Print the lines from the one containing "Cupping for back pain" through the end of the material below, both included, exactly as they appear and without pictures.

---------- DATA PROVIDED

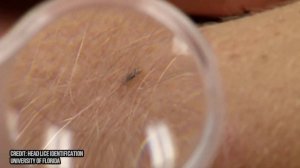 How to Remove Head Lice!  Live Removal, Biggest Lice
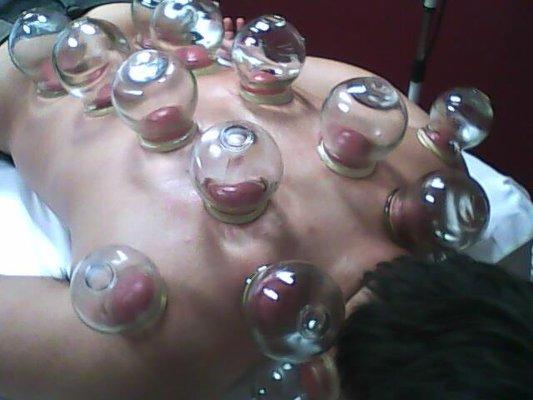 Cupping for back pain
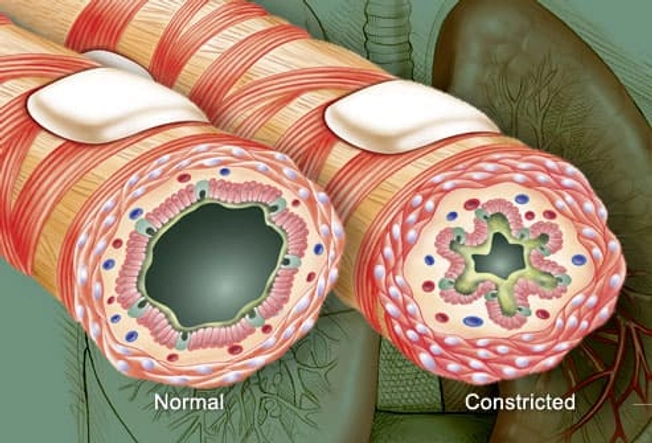 What Causes an Asthma Attack?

--------------------

# [RESPONSE TO THE TASK]
 Cupping for back pain
 What Causes an Asthma Attack?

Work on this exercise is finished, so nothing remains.